For the North Bay shot Algonquin (opening in Toronto at the Carlton this Friday with a special presentation with cast and crew at The Royal on Sunday at 7:00pm), Hayes looks at three separate acts in one man’s life. Jake (played by Mark Rendall) has recently seen his often absentee father, Leif (veteran actor Nicholas Campbell), resurface into his life. While neither Jake, nor his mother (Sheila McCarthy) are all that pleased, Jake agrees to follow his washed-up, egotistical travel writer pop to the family cabin to write a history of Algonquin. Not only does the trip not go well, but Leif passes away, leaving more questions than answers. Wanting to finish the book (but also being a struggling writer who isn’t very good), Jake returns to the cabin on his own to find Leif’s most recent wife, Carmen (Victoria Sanchez) and his young step brother (Michael Levinson) claiming ownership of the property.

It’s a search of self discovery that Hayes, who previously has directed several shorts, wanted told through quieter character moments rather than grand exposition. Hayes talked with us about the clashing egos within his film’s characters, the concept of denial and distance within families, and how his film is now related directly to the work of Casablanca director Michael Curtiz.

Dork Shelf: A good place to start talking about the film is with the introduction of the character of Leif, who even after he leaves the film haunts the story that follows. It seems like someone who behaves almost like an alcoholic, but he’s really only drunk on his own ego. What was it like creating a character that powerful that will only be around at the beginning, but then everyone will have to spend the rest of the film dealing with the repercussions of what he’s done?

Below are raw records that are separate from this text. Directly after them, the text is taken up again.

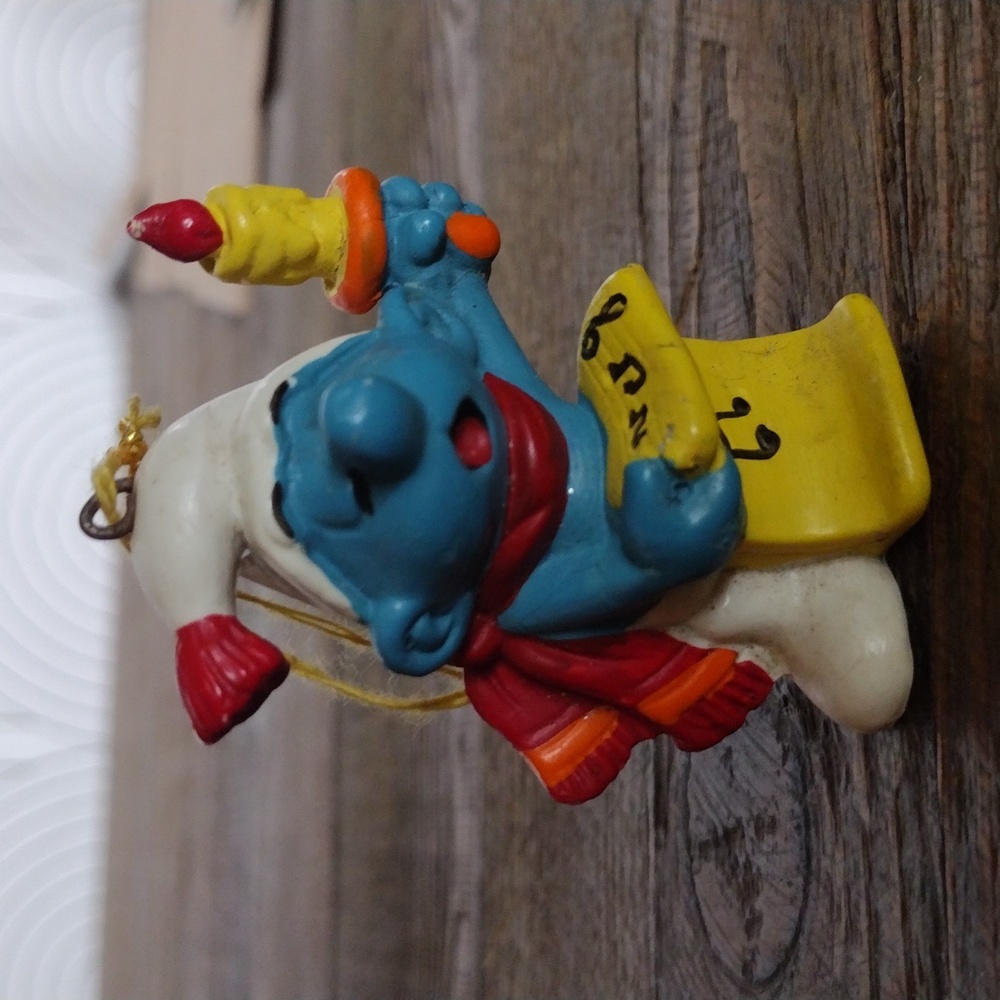 Vintage 1981 Smurf ornament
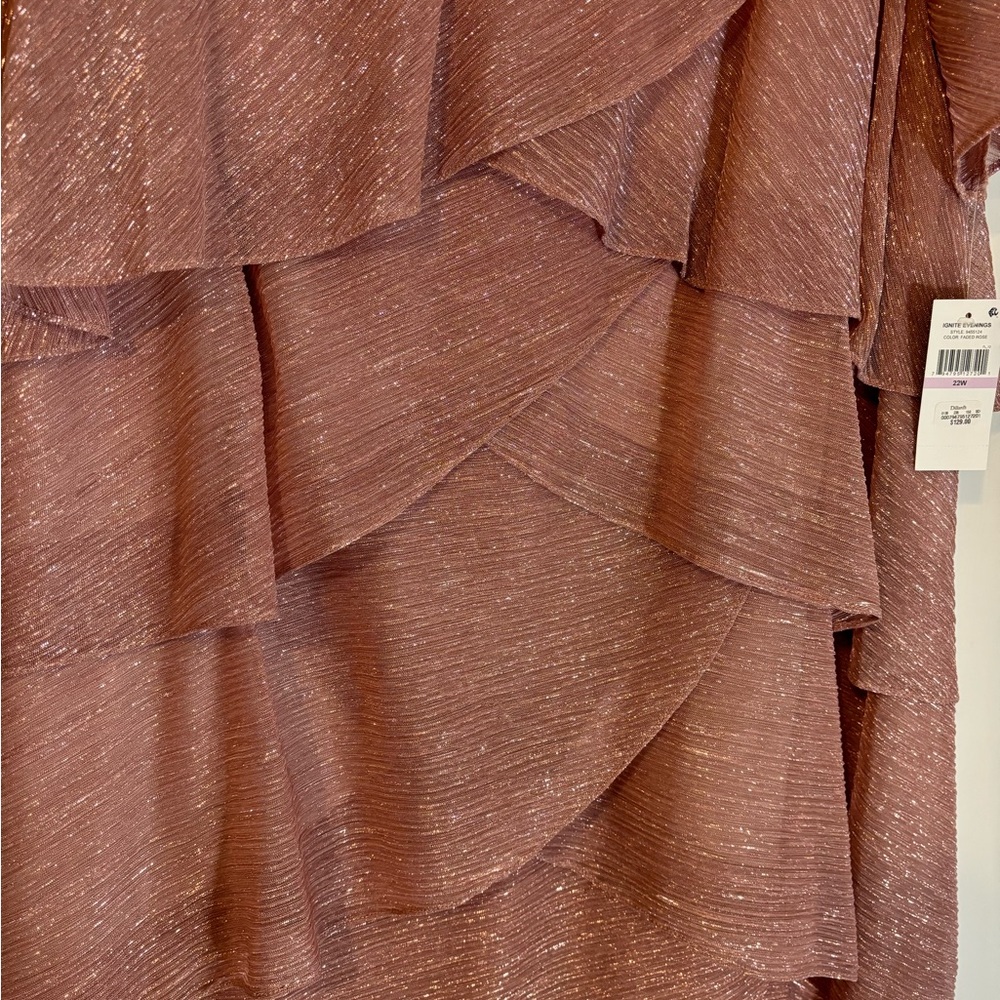 Gorgeous Asymmetrical layered shimmering Rose Pink dress. - Picture 14 of 16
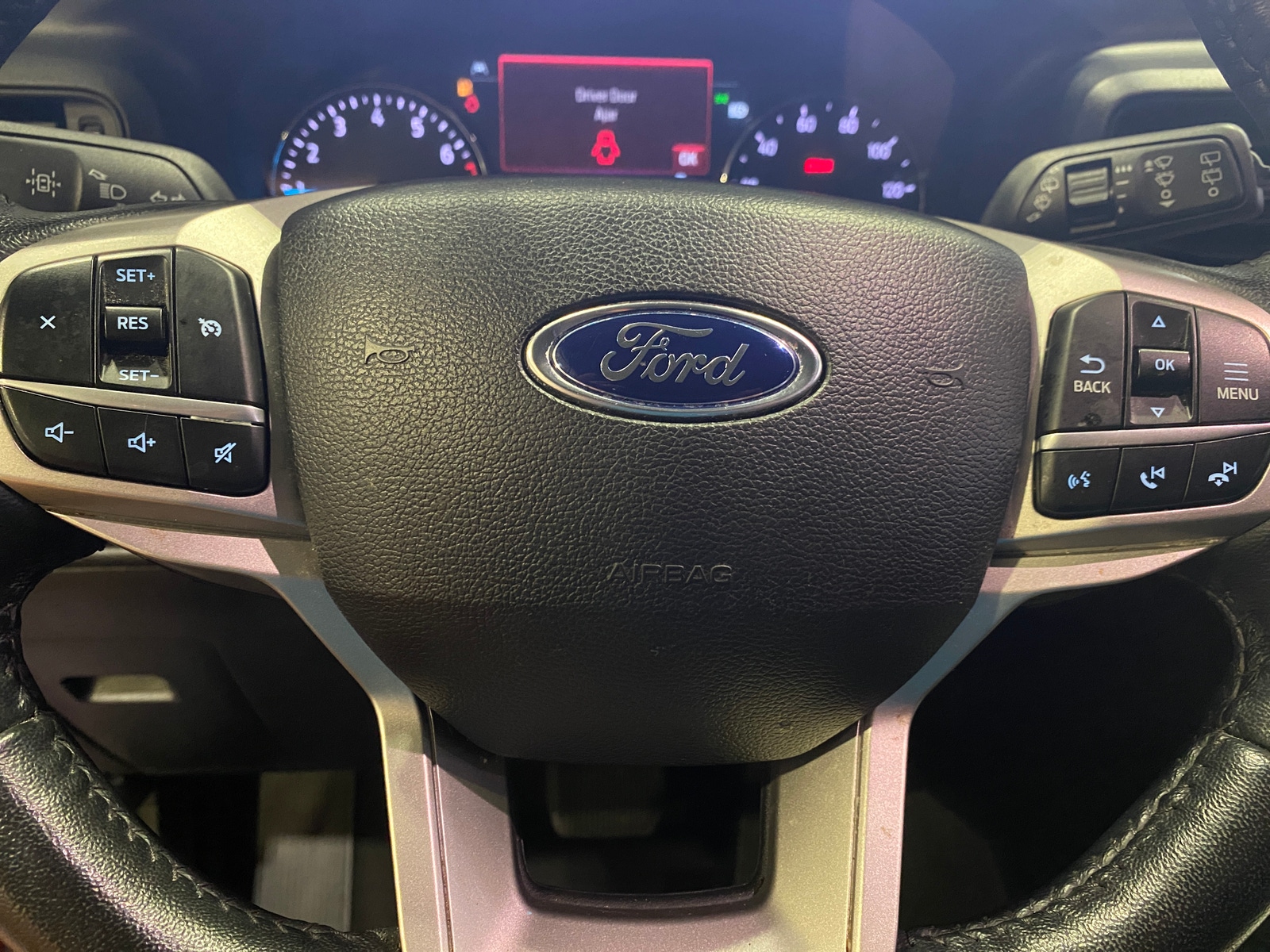 Thumbnail: 2022 Ford Explorer - 5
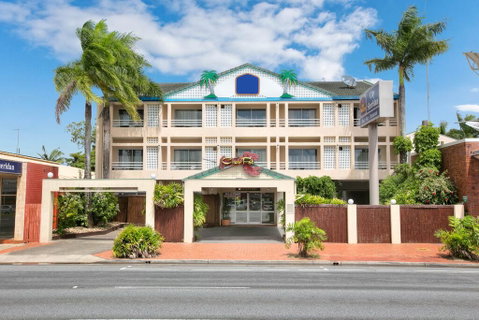 Cairns City Sheridan - Australian Destinations 3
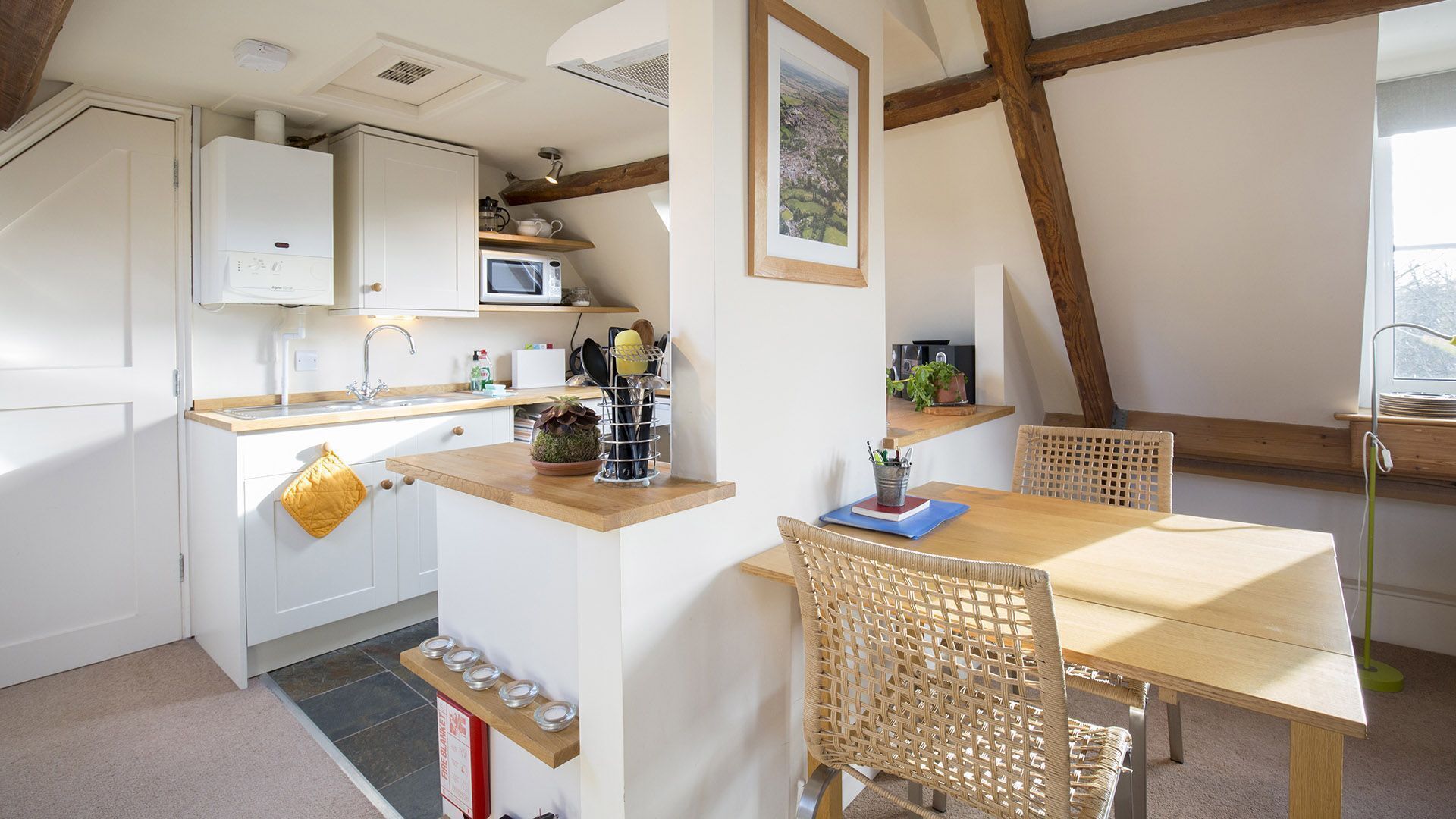 冰箱、微波炉、烤箱、炉灶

Jonathan Hayes: Leif is an essential character. He’s the lynchpin for the movie, and I think you’re quite right. Conceptually, on the page, and in the acting of the character I needed someone who was nearly larger than life; not cartoonish, believable, but someone so big that you would have no problem instantly recognizing the relationship between father and son being one of utter dominance. The protagonist, played by Mark Rendall, is overwhelmed by him and he doesn’t know what to do with him. There are bruised feelings there, but also a desire to connect. He’s an enigma, but there are few things stronger than these father and son connections.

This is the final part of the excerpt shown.